Potensi Besar Industri Maskapai Penerbangan Syariah di Indonesia

ilustrasi (foto: middle east eye .net)

MTN, Jakarta – Indonesia sebagai negara dengan populasi penduduk beragama Islam terbesar di dunia tentu memiliki potensi besar untuk industri maskapai penerbangan syariah. Tapi seperti apa cara penerapannya?

Dilansir dari Tangerang Online, praktisi industri penerbangan, M Suriawan Wakan, pernah mengatakan kalau Indonesia memiliki potensi besar dalam membangun dan mengoperasikan penerbangan berbasis syariah.

“Potensi itu didukung oleh fakta bahwa ekonomi syariah tumbuh dengan baik, pada sisi lain marketnya terbuka lebar. Bahkan ada semacam captive market,” ujar Wakan.

Menurut Wakan, pembiayaan untuk membangun penerbangan syariah tersebut dapat dilakukan dengan melibatkan seluruh potensi partisipasi publik, lembaga-lembaga keuangan syariah dan institusi keagamaan seperti Muhammadiyah, NU, MUI, dan lain-lain.

“Modal awal sekitar Rp1 triliun untuk membeli lima pesawat dan menyewa lima pesawat lainnya, sebagai salah satu syarat mengurus Air Operator Certificate (AOC) ke Ditjen Perhubungan Udara. Dalam tempo singkat permodalan ini dapat dimobilisasi.
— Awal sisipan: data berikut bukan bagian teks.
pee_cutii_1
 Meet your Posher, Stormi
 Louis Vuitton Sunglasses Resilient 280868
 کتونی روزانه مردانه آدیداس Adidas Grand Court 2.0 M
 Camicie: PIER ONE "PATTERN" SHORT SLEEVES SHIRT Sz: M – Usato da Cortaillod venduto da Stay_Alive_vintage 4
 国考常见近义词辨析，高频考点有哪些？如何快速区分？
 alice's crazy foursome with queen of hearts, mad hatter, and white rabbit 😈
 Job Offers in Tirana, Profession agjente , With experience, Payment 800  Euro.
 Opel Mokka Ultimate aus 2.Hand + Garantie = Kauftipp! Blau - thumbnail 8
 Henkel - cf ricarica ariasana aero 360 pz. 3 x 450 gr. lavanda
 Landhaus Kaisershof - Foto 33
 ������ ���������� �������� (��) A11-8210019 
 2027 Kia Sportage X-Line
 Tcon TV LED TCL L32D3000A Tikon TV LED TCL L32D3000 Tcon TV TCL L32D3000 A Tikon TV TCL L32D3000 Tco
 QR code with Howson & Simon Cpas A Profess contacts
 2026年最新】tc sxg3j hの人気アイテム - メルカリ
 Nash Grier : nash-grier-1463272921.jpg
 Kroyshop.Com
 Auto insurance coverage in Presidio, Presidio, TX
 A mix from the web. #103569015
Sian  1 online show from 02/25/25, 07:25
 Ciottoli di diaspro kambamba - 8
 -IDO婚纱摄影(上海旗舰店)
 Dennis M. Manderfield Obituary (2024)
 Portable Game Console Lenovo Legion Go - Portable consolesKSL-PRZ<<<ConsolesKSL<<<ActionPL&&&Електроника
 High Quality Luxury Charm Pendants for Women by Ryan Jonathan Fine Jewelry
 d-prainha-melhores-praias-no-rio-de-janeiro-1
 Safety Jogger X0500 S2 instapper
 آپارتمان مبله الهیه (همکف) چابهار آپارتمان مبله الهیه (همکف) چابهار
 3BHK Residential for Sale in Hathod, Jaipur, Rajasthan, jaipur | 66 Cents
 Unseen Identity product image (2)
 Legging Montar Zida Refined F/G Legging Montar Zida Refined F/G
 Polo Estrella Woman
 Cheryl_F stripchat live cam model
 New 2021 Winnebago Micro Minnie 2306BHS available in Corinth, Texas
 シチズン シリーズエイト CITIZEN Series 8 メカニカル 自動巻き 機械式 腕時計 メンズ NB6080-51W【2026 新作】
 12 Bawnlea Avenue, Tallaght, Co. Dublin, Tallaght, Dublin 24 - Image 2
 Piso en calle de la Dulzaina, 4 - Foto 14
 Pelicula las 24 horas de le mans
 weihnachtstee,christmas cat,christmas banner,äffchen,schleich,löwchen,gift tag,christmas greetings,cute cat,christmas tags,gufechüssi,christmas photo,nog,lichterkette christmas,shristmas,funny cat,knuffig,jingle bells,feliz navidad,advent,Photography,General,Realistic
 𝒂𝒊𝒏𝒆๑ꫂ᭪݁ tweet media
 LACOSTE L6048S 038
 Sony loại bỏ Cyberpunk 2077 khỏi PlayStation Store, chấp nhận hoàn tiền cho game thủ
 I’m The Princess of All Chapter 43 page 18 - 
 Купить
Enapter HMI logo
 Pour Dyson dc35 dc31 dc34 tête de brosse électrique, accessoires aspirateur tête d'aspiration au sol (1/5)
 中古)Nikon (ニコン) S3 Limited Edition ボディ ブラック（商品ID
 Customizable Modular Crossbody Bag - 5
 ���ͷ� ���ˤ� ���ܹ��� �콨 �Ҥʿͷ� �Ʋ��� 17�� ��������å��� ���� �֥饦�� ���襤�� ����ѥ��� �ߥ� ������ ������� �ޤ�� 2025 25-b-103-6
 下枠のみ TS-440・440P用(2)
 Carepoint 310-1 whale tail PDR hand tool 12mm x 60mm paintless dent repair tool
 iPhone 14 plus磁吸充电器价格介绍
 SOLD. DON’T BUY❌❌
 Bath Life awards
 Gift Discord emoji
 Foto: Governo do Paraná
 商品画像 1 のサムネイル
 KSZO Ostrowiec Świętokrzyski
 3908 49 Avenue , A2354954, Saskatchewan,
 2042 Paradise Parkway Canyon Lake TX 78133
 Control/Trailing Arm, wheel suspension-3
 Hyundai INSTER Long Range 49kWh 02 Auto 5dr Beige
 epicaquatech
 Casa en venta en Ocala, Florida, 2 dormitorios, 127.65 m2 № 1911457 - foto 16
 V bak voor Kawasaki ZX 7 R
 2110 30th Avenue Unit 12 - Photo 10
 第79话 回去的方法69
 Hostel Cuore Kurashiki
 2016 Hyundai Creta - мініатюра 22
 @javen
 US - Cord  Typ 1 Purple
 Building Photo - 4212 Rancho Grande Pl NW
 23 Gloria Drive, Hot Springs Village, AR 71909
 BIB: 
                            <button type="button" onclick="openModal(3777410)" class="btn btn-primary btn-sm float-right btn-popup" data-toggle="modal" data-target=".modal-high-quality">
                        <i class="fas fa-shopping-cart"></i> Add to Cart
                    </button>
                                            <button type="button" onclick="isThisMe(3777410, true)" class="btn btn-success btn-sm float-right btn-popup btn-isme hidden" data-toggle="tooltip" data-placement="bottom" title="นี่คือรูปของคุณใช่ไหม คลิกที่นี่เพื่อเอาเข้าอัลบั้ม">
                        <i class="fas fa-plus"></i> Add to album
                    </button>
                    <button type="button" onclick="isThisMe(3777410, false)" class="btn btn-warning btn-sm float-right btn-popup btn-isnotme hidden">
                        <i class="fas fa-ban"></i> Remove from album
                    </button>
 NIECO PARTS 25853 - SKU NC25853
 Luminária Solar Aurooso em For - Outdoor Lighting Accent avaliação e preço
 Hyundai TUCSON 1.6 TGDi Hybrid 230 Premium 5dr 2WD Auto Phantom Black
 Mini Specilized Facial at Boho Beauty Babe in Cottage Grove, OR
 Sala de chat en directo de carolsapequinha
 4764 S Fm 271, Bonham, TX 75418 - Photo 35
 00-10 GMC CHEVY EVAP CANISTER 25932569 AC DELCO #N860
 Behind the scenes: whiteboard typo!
Tinggal bentuk dulu lembaga sebagai operator, lalu mobilisasi dana publik dengan mendapat izin dari Otoritas Jasa Keuangan (OJK),” terang Wakan.

Dengan saham dimiliki publik, lanjut Wakan, maka sangat terbuka peluang untuk pegawai maskapai, termasuk pilot dan kru kabin menjadi bagian pemilik perusahaan.

Lebih jauh Wakan menjelaskan, eksistensi maskapai penerbangan syariah ini dibutuhkan, mengingat masih sangat besar celah kebutuhan muslim yang belum dapat dipenuhi oleh maskapai penerbangan yang sudah ada di Indonesia.

“Contohnya, kru kabin berbusana muslimah, penumpang perempuan menutup aurat sesuai syariah, serta pelayanan bernuansa Islami, seperti berdoa bersama sebelum dan setelah terbang, dan sebagainya,” tutur Executive General Manager PT Angkasa Pura II Kantor Cabang Utama Bandara Soekarno-Hatta ini.

Sebelumnya pada tahun 2015 sebuah maskapai penerbangan syariah diluncurkan di Malaysia, yang bernama Rayani Airlines.

Rayani Airlines adalah maskapai syariah pertama Malaysia, dan keempat di Asia setelah Saudi Arabian Airlines, Iran Airways dan Royal Brunei.

Maskapai penerbangan syariah Malaysia tersebut memakai hukum-hukum Islam dalam setiap aktivitasnya.

Dilansir dari Phinemo, Direktur Utama Rayani Airlines saat itu, Jaafar Zamhari, menjelaskan bahwa alkohol dilarang di setiap penerbangan Rayani dan juga mereka menerapkan aturan berpakaian yang tegas. Kru kabin perempuan Rayani yang Muslim diwajibkan memakai hijab, sementara yang non-muslim memakai seragam yang sopan.

Para penumpang akan mendapat hidangan yang semuanya dijamin halal. Rayani juga memiliki prosedur pembacaan doa sebelum keberangkatan di tiap penerbangan.

Sayang pada tahun 2016 Rayani Air ditutup karena persoalan profesionalitas dan manajerial.